──────── Records supplied ────────

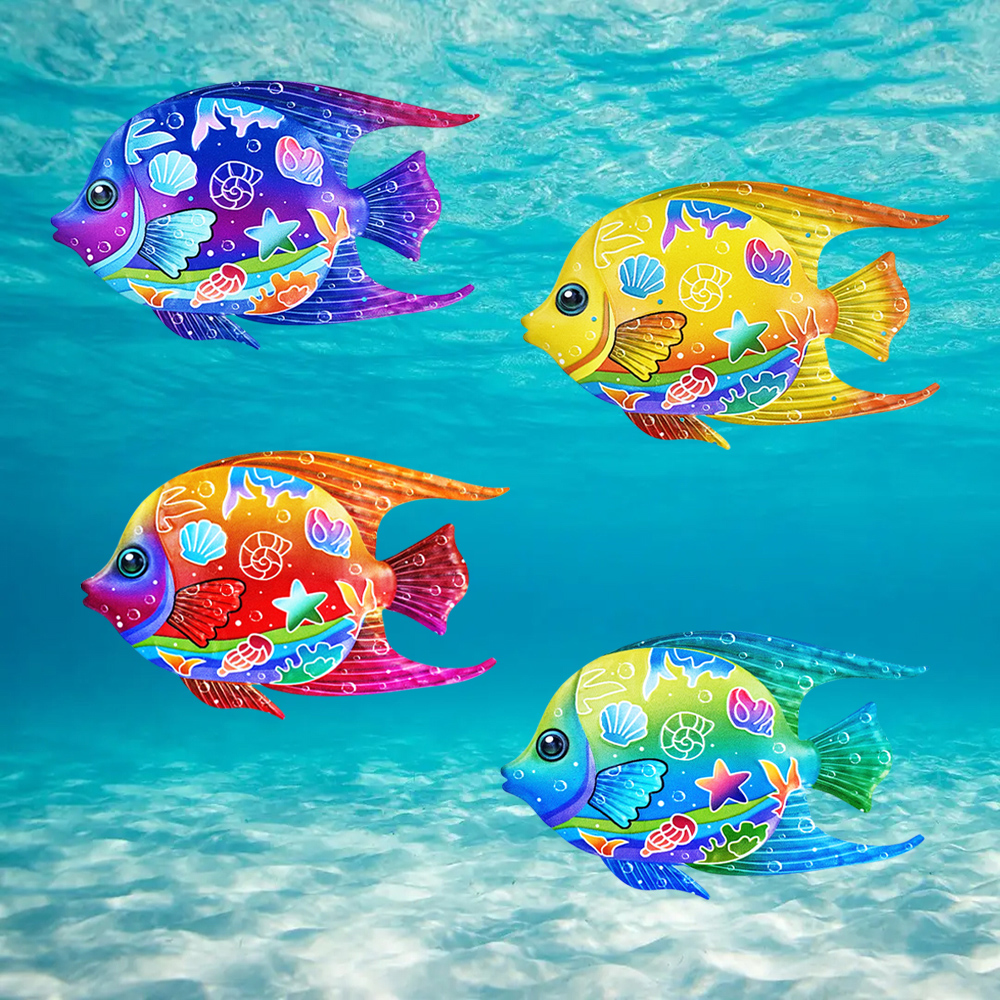 Bonsai Garden Ornaments - Eye-catching Metal Ocean Fish Wall Decor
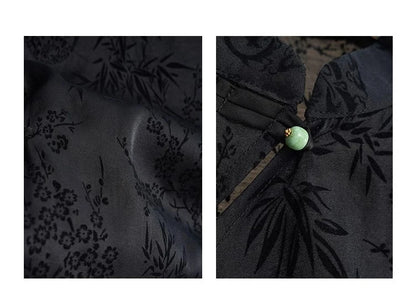 Retro Thin Shirt New Chinese Style Cheongsam Top Black Jacquard Short Sleeve T-shirt Summer Mature Fashion Women's Clothing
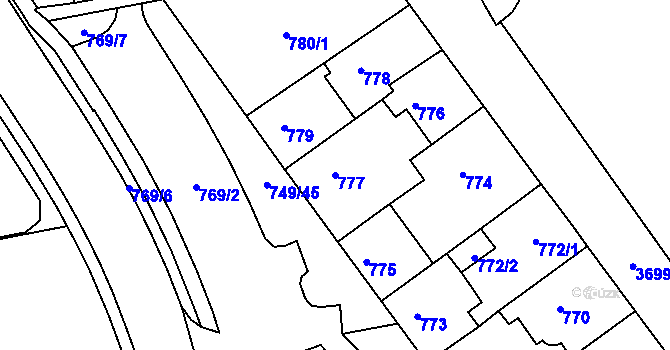 Parcela st. 777 v KÚ Žamberk, Katastrální mapa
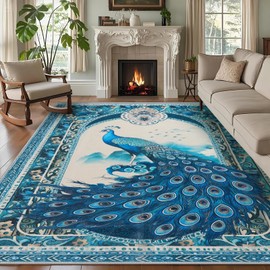 FLYRUGGO 8x10 Peacock Area Rugs for Bedroom, Modern Cute Animal Washable Indoor Rug for Living Room, Soft Large Non-Slip Carpet Floor Mat for Kids Nursery Playroom Home Office - Blue Peacock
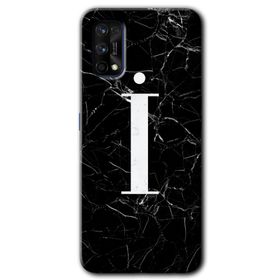Realme 7 Pro Siyah Mermer Desenli İ Harfi Baskılı Uyumlu Silikon Kılıf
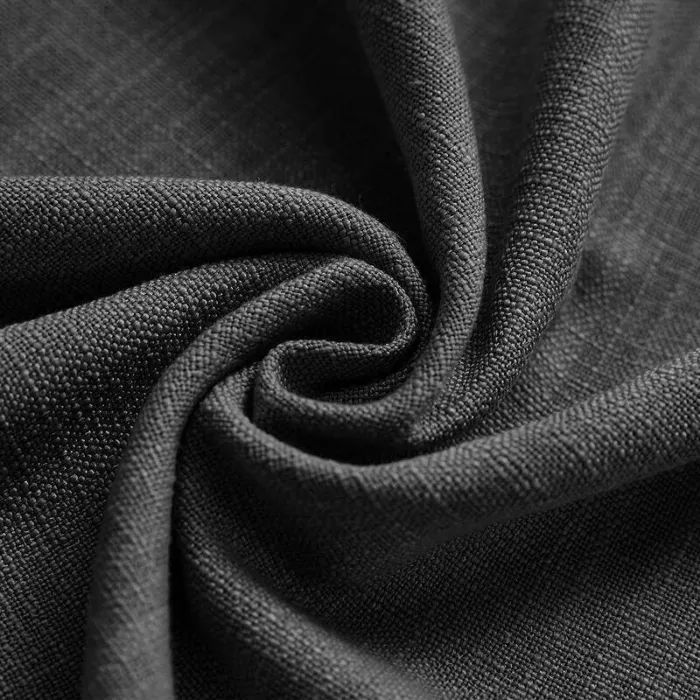 CUSTOM Liz Black Polyester Linen Window Curtain Drapery with Lined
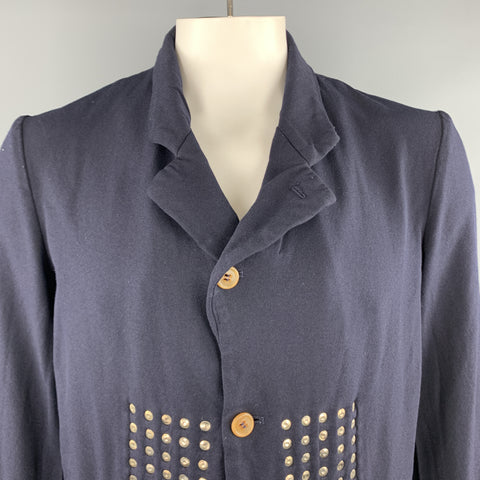 COMME des GARCONS HOMME PLUS EVERGREEN Size L Navy Reverse Studded Blazer Jacket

────────

-- What to produce --
Every line from the one with "CUSTOM Liz Black" through the end of the records above belongs in the answer, copied exactly; no picture does.

-- Worked solution --
 CUSTOM Liz Black Polyester Linen Window Curtain Drapery with Lined
 COMME des GARCONS HOMME PLUS EVERGREEN Size L Navy Reverse Studded Blazer Jacket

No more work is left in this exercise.